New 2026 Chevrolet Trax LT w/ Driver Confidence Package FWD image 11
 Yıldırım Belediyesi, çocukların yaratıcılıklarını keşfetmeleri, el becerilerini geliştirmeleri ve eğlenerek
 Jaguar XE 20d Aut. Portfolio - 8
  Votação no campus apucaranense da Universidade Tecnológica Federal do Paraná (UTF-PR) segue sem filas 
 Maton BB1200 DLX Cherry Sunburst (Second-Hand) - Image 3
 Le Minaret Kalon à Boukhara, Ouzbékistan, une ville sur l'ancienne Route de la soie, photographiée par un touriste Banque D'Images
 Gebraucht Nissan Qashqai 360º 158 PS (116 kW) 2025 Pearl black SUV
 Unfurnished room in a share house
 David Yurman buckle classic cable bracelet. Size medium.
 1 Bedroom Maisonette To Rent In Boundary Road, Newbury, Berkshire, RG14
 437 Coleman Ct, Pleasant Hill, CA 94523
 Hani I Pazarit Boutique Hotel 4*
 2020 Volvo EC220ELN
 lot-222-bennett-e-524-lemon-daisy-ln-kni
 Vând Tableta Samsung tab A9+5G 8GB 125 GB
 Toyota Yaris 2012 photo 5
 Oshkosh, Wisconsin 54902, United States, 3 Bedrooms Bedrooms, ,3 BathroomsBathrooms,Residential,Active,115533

——

▸ **Brief**: Write the lines again exactly, from the first line of the material above to the line that includes "Gebraucht Nissan Qashqai", both included. Leave out all the rest.

▸ **Response to this task**:
New 2026 Chevrolet Trax LT w/ Driver Confidence Package FWD image 11
 Yıldırım Belediyesi, çocukların yaratıcılıklarını keşfetmeleri, el becerilerini geliştirmeleri ve eğlenerek
 Jaguar XE 20d Aut. Portfolio - 8
  Votação no campus apucaranense da Universidade Tecnológica Federal do Paraná (UTF-PR) segue sem filas 
 Maton BB1200 DLX Cherry Sunburst (Second-Hand) - Image 3
 Le Minaret Kalon à Boukhara, Ouzbékistan, une ville sur l'ancienne Route de la soie, photographiée par un touriste Banque D'Images
 Gebraucht Nissan Qashqai 360º 158 PS (116 kW) 2025 Pearl black SUV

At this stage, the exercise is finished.